Siamese Neural Networks for One-shot Image Recognition

omniglot_grid

Here we will implement the paper http://www.cs.cmu.edu/~rsalakhu/papers/oneshot1.pdf

For Theoretical Explanation , check out my post on medium: https://medium.com/@asagar60/one-shot-learning-using-keras-8c1cd62ac382

Brief Description

Our model is given a tiny labelled training set S, which has N examples, each vectors of the same dimension with a distinct label y.

Support_Set.JPG

It is also given x_test, the test example it has to classify. Since exactly one example in the support set has the right class, the aim is to correctly predict which y ∈ S is the same as x_test’s label.

task_25.png

But the problem becomes challenging when N increases. Now we have to compare our test image with N different images and look for the highest probability for the correct class.

Evaluation Strategy

There are two different ways to obtain few-shot classification problems for testing an algorithm. We will refer to these as "within-alphabet" and "unstructured" evaluation. The difference lies in how a random set of K classes is obtained:

To have better accuracy of the model , we will test the model on "Within Alphabet" and "unstructured Alphabet" Pairs. This strategy is inspired by Jack Valmadre's few-shot classification repo - https://github.com/jvlmdr/omniglot-eval

  • within-alphabet : Choose an alphabet, then choose K characters from that alphabet (without replacement).
  • unstructured : Concatenate the characters of all alphabets, then choose K characters (without replacement). The hierarchy of alphabets and characters is ignored.

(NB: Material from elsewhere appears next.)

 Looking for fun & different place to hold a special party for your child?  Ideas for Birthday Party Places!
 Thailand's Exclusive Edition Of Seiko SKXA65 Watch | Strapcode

Intuitively, we might expect that the unstructured problem is easier, because there is likely to be more variation between alphabets than within alphabets. (This may seem counter-intuitive since characters within an alphabet must be different from one another, whereas characters across alphabets may be identical. However, a character in one alphabet can have at most one such near-identical match in another alphabet.)

Output

Acc Within Alphabet (20-way) Unstructured Alphabet (20-way)
Validation set 78.0 % 91.0%
Evaluation Set (10 Alphabets) 78.0 % 89.0 %
Evaluation Set (20 Alphabets) 74 % 91.0 %

Training Accuracy and Training Loss

loss_acc.png

One Shot Accuracy on Validation Set

training_one_shot_acc.png

One Shot Accuracy on Test Data

Testing_acc.png

Detailed Accuracies

Acc Acc - wA pairs NN Acc - wA pairs Acc - uA pairs NN Acc - uA pairs
N = 2 100.0 % 62.5 % 100.0 % 67.5 %
N = 5 94.0 % 45.0 % 97.0 % 48.0 %
N = 6 87 % 32.9 % 95.0 % 36.6 %
N = 10 80.0 % 22.5 % 96.5 % 26.5 %
N = 15 82.0% 17.6 % 94.6% 23.6 %
N = 16 80.78 % 20.3 % 92.5 % 20.31 %
N = 20 74.12% 13.5% 91.75 % 18.75 %

Note : These accuracies are from Evaluation Set ( 20 Alphabets).

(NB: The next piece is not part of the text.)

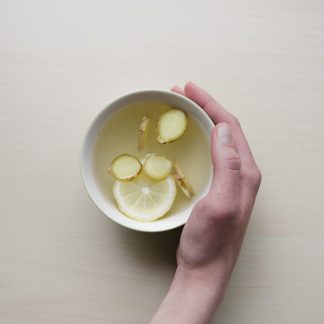 White Tea & Ginger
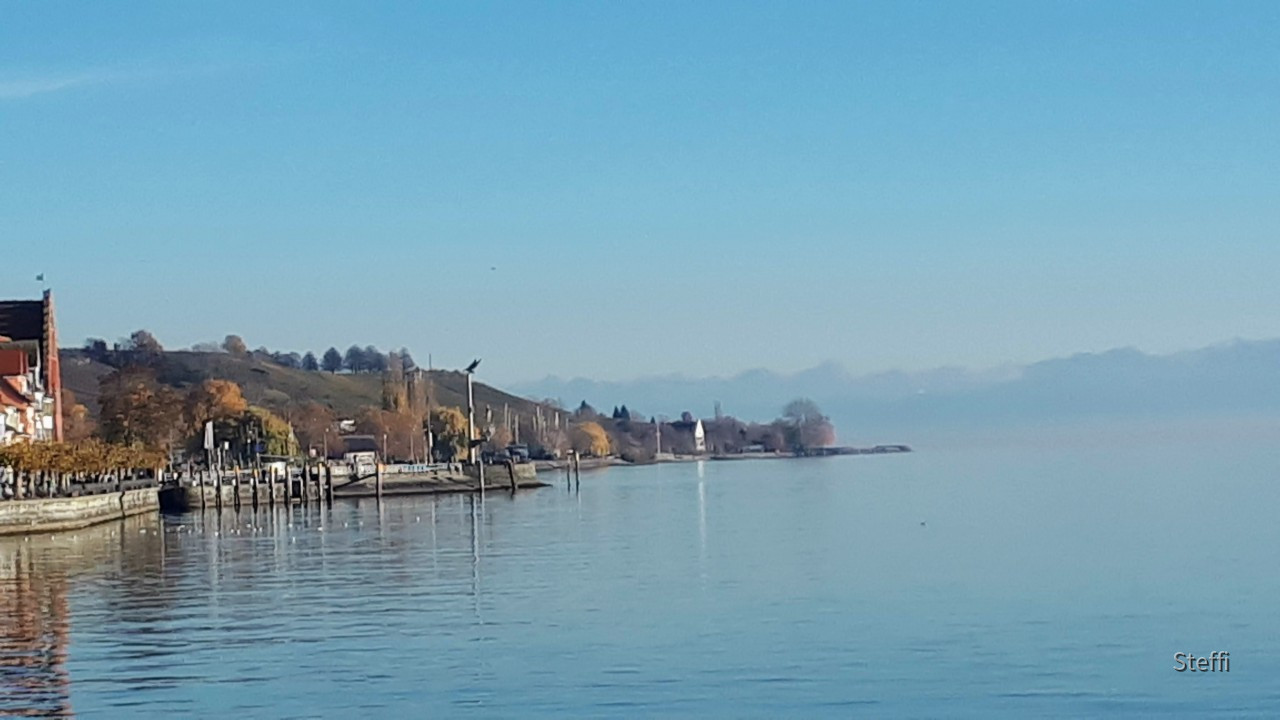 Meersburg Uferpromenade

  • wA_Acc == Within Alphabet Accuracy
  • uA_Acc == Unstructured Alphabet Accuracy
  • NN Acc == 1 - Nearest Neighbour Accuracy

Visualize 20-way pairs

Within Alphabet Pairs

20_way_wA_visual.png

Unstructured Alphabet Pairs

20_way_uA_visual.png

Implementation Details

  • Load Data :

    We will load the data into pickle file .

    Training Set has 964 classes with 20 samples in each class. Model needs 2 images to predict the output . If we train our model on every possible combination of image pair , this will be over by 185,849,560 possible pairs.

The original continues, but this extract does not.